We'll first prove that the characteristic polynomial of a permutation matrix representing a permutation $\pi\in S_{n}$ having the cycle structure $1^{c_{1}}2^{c_{2}}...n^{c_{n}}$ is of the form $\prod_{j=1}^{n}(x^{j}-1)^{c_{j}}$.
The eigenvalues of any permutation matrix representing the cycle structure $1^{c_{1}}2^{c_{2}}...n^{c_{n}}$ are $i_{th}$ roots of unity counted with multiplicities $c_{i}$ (where i represents the cycle lengths), which is shown here. As we know that Eigenvalues are the roots of characteristic polynomial, the polynomial corresponding to these eigenvalues is clearly $\prod_{j=1}^{n}(x^{j}-1)^{c_{j}}$.
We'll prove that such representation is unique. Before that let's state a fact we'll use
The nth root of unity $\alpha = cos(\frac{2\pi}{n})+isin(\frac{2\pi}{n})$ does not satisfy $x^{k}-1 = 0$ for $0\lt k\lt n$. But for $k\gt n$ it satisfies $x^{k}-1 = 0$ for $k=nt$ where $t\in \Bbb N$.

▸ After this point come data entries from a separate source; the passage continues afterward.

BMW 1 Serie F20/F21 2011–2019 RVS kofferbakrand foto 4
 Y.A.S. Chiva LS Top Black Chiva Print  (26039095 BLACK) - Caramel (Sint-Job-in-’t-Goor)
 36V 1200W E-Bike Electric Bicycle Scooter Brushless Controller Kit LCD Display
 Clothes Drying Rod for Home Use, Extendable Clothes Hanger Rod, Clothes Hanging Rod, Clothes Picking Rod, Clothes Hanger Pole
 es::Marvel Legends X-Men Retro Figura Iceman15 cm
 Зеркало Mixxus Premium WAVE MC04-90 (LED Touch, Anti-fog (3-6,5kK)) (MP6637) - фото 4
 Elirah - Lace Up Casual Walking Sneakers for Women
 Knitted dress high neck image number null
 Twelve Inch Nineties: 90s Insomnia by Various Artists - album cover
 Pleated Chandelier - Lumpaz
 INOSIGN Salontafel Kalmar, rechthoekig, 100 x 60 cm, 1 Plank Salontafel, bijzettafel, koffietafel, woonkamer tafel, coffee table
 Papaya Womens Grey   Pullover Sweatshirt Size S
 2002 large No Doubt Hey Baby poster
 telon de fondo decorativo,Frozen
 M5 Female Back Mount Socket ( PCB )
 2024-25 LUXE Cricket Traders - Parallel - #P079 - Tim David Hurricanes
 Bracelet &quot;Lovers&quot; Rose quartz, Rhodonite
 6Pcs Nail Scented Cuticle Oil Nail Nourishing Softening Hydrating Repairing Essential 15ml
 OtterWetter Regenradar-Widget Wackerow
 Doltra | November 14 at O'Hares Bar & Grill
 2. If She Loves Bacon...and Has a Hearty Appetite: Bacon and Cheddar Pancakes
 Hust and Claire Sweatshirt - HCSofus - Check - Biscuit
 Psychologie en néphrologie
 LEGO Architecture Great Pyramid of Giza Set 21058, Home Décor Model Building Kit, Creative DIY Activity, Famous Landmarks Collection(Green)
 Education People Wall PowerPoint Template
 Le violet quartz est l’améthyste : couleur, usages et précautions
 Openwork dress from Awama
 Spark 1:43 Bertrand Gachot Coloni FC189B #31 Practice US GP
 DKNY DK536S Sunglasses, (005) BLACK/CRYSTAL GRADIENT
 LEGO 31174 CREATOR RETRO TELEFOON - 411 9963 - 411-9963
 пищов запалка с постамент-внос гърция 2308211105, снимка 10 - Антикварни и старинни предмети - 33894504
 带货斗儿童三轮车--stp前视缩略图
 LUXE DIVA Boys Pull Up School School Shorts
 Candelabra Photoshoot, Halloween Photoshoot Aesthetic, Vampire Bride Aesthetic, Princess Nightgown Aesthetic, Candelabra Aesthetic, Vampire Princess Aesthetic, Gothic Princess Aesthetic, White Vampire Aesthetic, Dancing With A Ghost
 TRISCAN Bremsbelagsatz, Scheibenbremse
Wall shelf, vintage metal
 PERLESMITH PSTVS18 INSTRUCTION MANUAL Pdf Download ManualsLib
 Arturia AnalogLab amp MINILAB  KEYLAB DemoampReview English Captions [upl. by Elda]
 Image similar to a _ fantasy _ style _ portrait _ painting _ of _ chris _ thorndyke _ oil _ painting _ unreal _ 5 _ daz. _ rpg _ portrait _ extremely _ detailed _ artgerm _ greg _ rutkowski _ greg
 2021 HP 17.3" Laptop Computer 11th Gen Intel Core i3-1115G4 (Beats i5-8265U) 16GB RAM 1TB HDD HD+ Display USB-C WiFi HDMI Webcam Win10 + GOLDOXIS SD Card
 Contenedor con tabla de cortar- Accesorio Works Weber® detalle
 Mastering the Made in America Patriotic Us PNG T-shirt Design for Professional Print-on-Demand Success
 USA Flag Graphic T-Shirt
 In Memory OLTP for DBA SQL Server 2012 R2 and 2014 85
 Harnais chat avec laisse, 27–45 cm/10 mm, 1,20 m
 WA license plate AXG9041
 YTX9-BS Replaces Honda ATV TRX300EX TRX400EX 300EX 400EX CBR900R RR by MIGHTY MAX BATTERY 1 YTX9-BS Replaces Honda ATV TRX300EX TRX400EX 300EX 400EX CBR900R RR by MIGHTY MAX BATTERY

Coming to the proof, Let $XP_{1}$ and $XP_{2}$ both have same roots of unity counted with multiplicities. But $XP_{1}$ and $XP_{2}$ differ in their representation i.e.
They are like
$$XP_{1} = \prod_{j=1}^{n}(x^{j}-1)^{c_{j}}, XP_{2} = \prod_{j=1}^{n}(x^{j}-1)^{d_{j}}$$ Let $j_{1}$ be the greatest $j$ such that $c_{j}\neq d_{j}$. As per our assumption and the fact we stated above, the occurence of the $j_{1}$ root of unity $\alpha = cos(\frac{2\pi}{j_{1}})+isin(\frac{2\pi}{j_{1}})$ in $XP_{1}$ and $XP_{2}$
$1$. Due to $(x^{j}-1)^{c_{j}}$ for $j\gt j_{1}$ is same in both.
$2$. Due to $(x^{j}-1)^{c_{j}}$ for $j\lt j_{1}$ is zero.
$3$. Due to $(x^{j}-1)^{c_{j}}$ for $j=j_{1}$ viz $c_{j_{1}}$,$d_{j_{1}}$ is different.
But it means multiplicities of $\alpha$ are different in $XP_{1}$ and $XP_{2}$. We reach a contradiction. Hence $c_{j} = d_{j} \space \forall j\in \Bbb N$
Now if two permutation matrices have the same characteristic polynomial they must have the same cycle type and hence they must represent conjugate permutations in $S_{n}$.